About a week and a half before Thanksgiving, I received, unexpectedly, a quilt from my sister. It is absolutely beautiful, a mixture of windmills and pinwheels, with deconstructed appliquéd pinwheels in the border, French knots and big-stitch quilting.
It galvanized me to finish this long-overdue baby quilt for a great-nephew. Because Wesley is now 22 months old, I had taken to calling it a toddler quilt. A week and a half before Thanksgiving, I had all the quilt blocks made but no plan. No matter. I just started stitching – 1/2″ strips to fill out a too-small square, sashing and more sashing to marry up the dimensions of my inadvertant mix of 5″ and 4.5″ squares, a couple of borders, another border to make it a little large … and so on. And, voila! a quilt top.
Then what to do? I had all these bits of blocks that went unused on the front; I stitched those together into a couple of strips which helped fill out the width of the quilt back.
Then what next? I made a test sandwich of top-batting-bottom, looked at a tutorial or two, put on a quilting presser foot and learned how to machine-quilt for about 15 minutes. With the tiny bit of knowledge, I machine-quilted the pin-basted quilt.
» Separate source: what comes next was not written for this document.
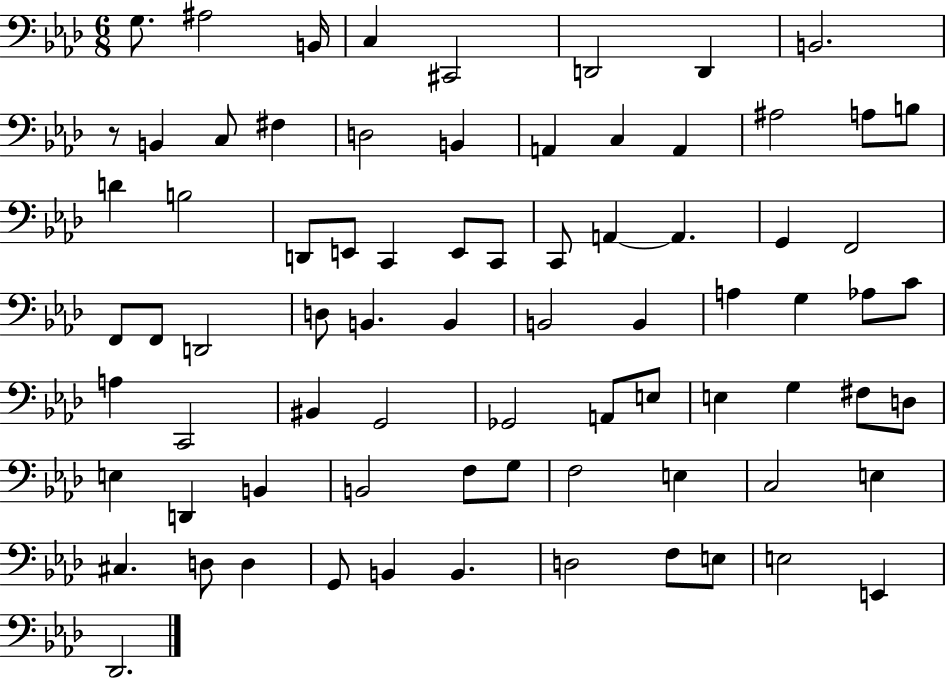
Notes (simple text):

G3/e. A#3/h B2/s C3/q C#2/h D2/h D2/q B2/h. R/e B2/q C3/e F#3/q D3/h B2/q A2/q C3/q A2/q A#3/h A3/e B3/e D4/q B3/h D2/e E2/e C2/q E2/e C2/e C2/e A2/q A2/q. G2/q F2/h F2/e F2/e D2/h D3/e B2/q. B2/q B2/h B2/q A3/q G3/q Ab3/e C4/e A3/q C2/h BIS2/q G2/h Gb2/h A2/e E3/e E3/q G3/q F#3/e D3/e E3/q D2/q B2/q B2/h F3/e G3/e F3/h E3/q C3/h E3/q C#3/q. D3/e D3/q G2/e B2/q B2/q. D3/h F3/e E3/e E3/h E2/q Db2/h.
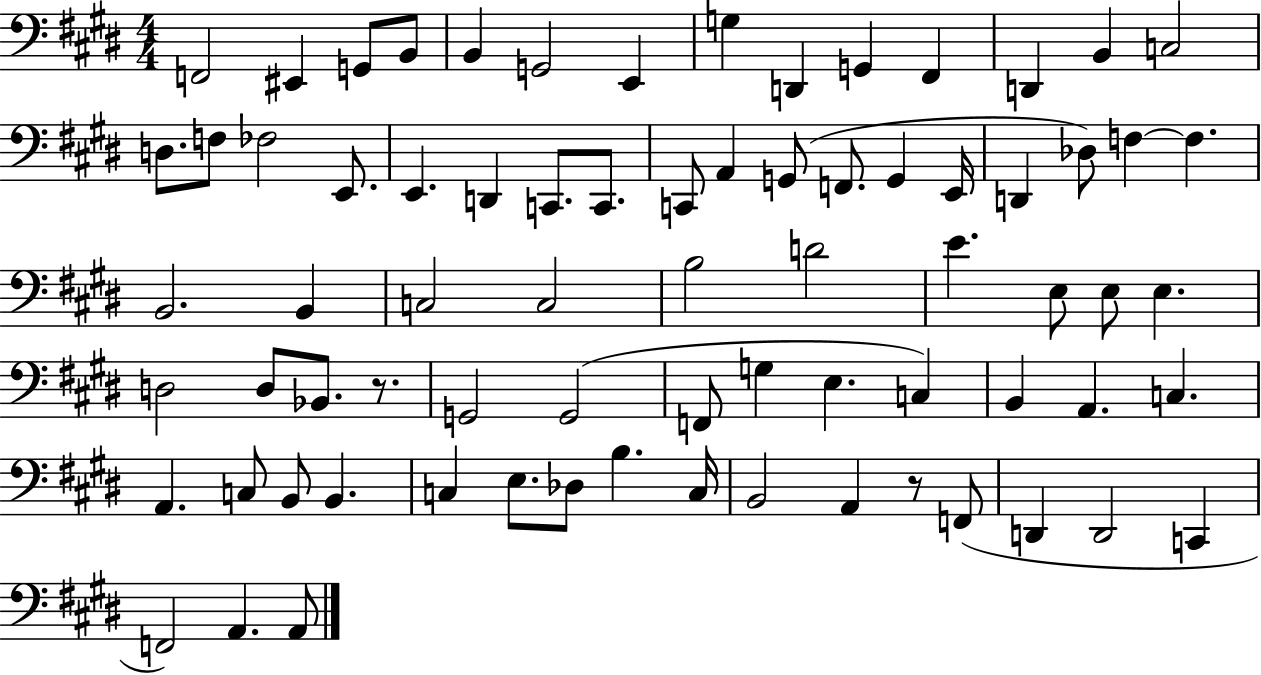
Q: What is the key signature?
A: E major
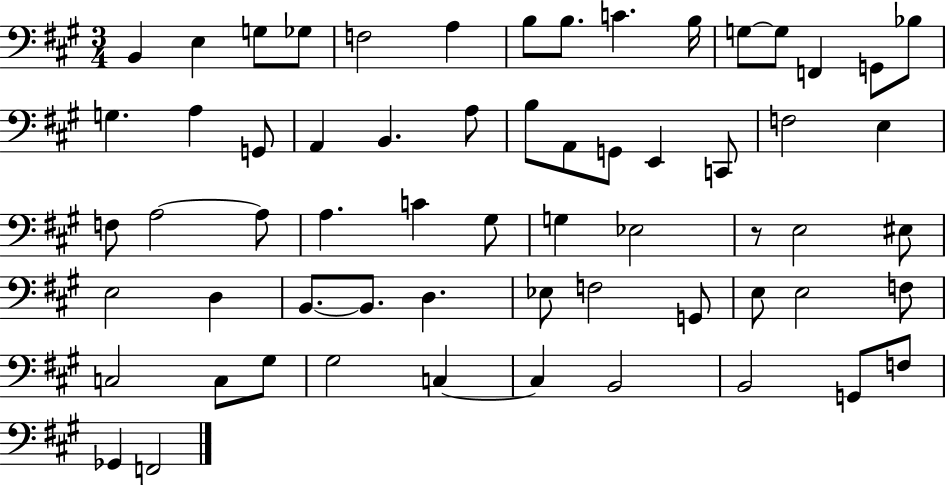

It went pretty well, with minimal ripping and re-stitching.
After trimming, I machine-sewed one side of the bias binding to the quilt, gathered a few airplane-approved sewing tools (needle, thread, small thread snips), and put it in my carry-on backpack for the trip to Florida.
On the planes, at my sister-in-law’s house, in the car … I hand-stitched the other side of the bias binding. After we pulled up into the driveway of my brother-in-law’s house for Thanksgiving dinner, I took the final two (!) stitches to finish the quilt.
These photos were rather hurriedly taken on the floor of a bedroom. Not ideal, but at least I have a record.
It was a different way of working for me. Not the work-right-up-to-the-deadline method; that, unfortunately, is common. I mean the idea of taking what I have and organically building up and out, rather than planning it out all in advance, making a model, do a trial run, and then, at long last, making the final thing. I like it.